* _Assignment_
What you should give back is a precise copy of the lines below from the one containing "Weekend_house_int_04" through the one containing "Item preview, Volleyball", with no pictures.

* _Input for this task_
────────
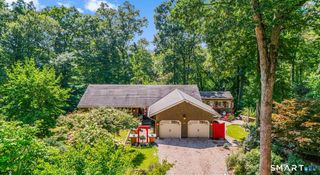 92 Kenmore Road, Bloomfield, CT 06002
────────
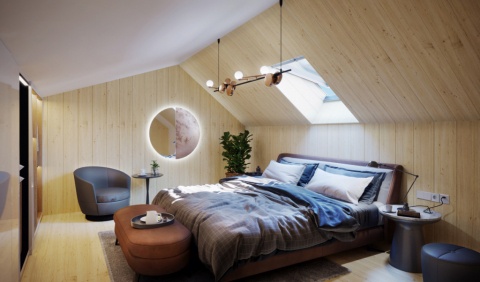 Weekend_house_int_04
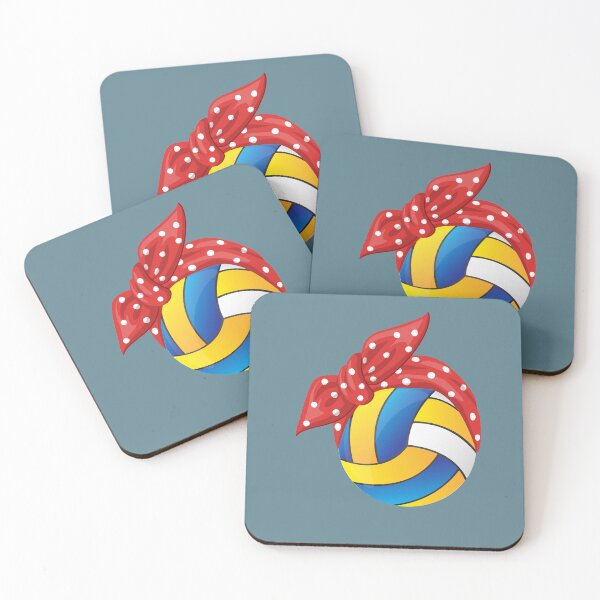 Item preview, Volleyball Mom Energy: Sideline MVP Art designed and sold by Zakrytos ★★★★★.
────────
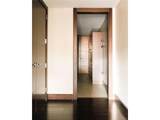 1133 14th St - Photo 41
────────
* _Task result_
 Weekend_house_int_04
 Item preview, Volleyball Mom Energy: Sideline MVP Art designed and sold by Zakrytos ★★★★★.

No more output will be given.